第四話 任務開始!
しばらくの間、レイはエリナと話をした。といっても、ほとんどエリナが一方的に話していただけだったが。レイにとって人と話すこと自体が久しぶりのことであり、どう返せばいいのかがわからないのだ。
聞いた話をまとめるとこうだ。エリナは子爵家の娘で、れっきとした貴族らしい。もっとも、この学校では貴族の子息・令嬢は珍しくもない。そしてエリナは魔術師を目指してこの学校にやってきたとのこと。その後も話は続いたが、レイには理解できない話題に移っていった。女性特有の話というやつだ。
「…ねぇ、ちゃんと聞いてる?」
エリナが少し不満げに言った。
「ち、ちゃんと聞いてるよ」
「ほんとかなぁ」
エリナは疑わしそうに目を細めた。
「もしかして、レイくんって女の子と話すの苦手?」
「そ、そういうわけじゃないけど…」
レイは少し言葉を選ぶように答えた。
「ただ、あまり人と話してこなかったから、慣れていないだけで」
「ふーん、そうなんだ」
エリナは何か面白いものを見つけたような顔をした。気のせいだろうか。たぶん気のせいだ。
「じゃあ私、用事あるから先に失礼するね」
そう言ってエリナは教室を出て行った。レイもまた、用事があるため教室をあとにした。
レイの用事とは、もちろん任務のことである。まずは学院内の地理を把握しておく必要があった。潜入先について知っておくのは基本中の基本だ。
さっそくレイは学院内を歩き回った。
でかい。でかすぎる。さすがはルーネントップクラスの学院だけあって、端から端まで歩くだけでも一苦労だ。広すぎて迷子になりそうだと思っていたら、案の定迷子になっていた。
「どうしよう、今どこにいるんだ…」
レイはかなりの方向音痴である。これだけ広い学院ともなれば、迷子になるのも無理はない。そうは思うものの、情けない気持ちは拭えなかった。
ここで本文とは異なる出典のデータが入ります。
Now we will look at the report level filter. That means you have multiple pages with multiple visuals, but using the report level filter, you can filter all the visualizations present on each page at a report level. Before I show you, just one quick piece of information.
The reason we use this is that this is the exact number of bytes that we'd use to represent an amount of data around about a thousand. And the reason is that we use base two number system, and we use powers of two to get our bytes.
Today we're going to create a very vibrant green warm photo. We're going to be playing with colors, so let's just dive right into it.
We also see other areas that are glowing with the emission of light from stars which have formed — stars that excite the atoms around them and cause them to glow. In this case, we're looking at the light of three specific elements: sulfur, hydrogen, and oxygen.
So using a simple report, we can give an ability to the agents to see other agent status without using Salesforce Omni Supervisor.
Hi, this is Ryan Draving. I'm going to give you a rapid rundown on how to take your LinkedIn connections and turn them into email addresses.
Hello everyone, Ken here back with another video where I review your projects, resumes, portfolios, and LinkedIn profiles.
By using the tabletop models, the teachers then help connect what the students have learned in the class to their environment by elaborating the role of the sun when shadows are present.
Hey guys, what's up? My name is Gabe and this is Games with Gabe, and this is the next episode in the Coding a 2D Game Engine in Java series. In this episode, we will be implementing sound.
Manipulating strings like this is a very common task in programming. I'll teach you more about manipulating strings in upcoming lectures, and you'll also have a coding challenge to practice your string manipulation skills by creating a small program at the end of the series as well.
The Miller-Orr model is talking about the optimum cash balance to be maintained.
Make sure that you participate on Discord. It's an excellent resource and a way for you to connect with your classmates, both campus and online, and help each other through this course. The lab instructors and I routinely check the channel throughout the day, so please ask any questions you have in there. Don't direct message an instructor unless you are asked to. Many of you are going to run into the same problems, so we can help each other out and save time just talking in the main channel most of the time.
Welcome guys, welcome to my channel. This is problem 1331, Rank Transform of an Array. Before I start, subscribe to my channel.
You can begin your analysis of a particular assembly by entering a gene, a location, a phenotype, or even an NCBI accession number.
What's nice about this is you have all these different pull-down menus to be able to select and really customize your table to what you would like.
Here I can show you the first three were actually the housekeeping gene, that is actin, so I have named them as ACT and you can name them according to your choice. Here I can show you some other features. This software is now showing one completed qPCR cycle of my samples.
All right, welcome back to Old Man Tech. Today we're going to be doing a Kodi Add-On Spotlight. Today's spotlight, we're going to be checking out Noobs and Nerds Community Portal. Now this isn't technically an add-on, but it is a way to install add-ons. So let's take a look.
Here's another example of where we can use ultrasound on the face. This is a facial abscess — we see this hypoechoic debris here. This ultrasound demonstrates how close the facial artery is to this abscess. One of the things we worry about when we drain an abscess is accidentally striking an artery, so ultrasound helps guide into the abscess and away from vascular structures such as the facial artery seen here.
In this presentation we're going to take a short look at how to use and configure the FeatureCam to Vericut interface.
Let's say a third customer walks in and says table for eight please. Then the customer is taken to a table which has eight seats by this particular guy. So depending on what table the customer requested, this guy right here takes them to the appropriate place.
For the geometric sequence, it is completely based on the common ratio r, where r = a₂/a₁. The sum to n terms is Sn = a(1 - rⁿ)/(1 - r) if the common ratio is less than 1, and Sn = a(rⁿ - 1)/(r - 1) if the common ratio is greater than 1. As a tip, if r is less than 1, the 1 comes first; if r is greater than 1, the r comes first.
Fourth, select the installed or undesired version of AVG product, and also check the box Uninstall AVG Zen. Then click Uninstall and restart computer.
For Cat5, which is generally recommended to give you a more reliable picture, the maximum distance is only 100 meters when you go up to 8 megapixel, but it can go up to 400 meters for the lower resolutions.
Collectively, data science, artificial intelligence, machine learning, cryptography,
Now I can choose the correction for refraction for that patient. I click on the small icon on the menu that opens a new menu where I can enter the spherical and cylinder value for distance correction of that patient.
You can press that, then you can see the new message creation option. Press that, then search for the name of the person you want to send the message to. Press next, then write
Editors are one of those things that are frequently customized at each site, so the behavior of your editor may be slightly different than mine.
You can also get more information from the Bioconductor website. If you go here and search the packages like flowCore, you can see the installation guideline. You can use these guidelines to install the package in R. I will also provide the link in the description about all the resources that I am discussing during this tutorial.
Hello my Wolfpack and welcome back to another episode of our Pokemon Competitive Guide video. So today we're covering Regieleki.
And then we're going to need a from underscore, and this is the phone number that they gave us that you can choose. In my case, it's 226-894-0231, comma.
それでもしばらく歩き回っていると、ふと学院の裏手に人影が見えた気がした。
「見た感じ、普段から誰も来なさそうな場所だよな。もしかして…!」
レイの任務は、学院が帝国と繋がっているかの調査だ。怪しい動きがあれば見逃すわけにはいかない。レイはすぐに外へ出て、人影があった場所へと向かった。しかしそこにはすでに誰もいなかった。
「…にしても、歩きにくいな。それになんか、変な感じがする」
辺りを見回すと、草木が伸び放題で明らかに手入れがされていない。おそらく最後に手入れをしたのは数ヶ月前だろう。レイは少し周囲を調べた後、その場をあとにした。
寮へ戻るのに、また少し時間がかかった。
「つかれたああああ!」
部屋に入った瞬間、レイは思いっきり大の字に倒れ込んだ。天井を見つめながら、大きく息をつく。
「なんかどっと疲れたな…しかも体調もなんか優れない気がする。慣れない生活のせいかな」
その夜、レイは昼間の出来事と謎の人影についてざっと記録をまとめ、そのままぐっすりと眠りについた。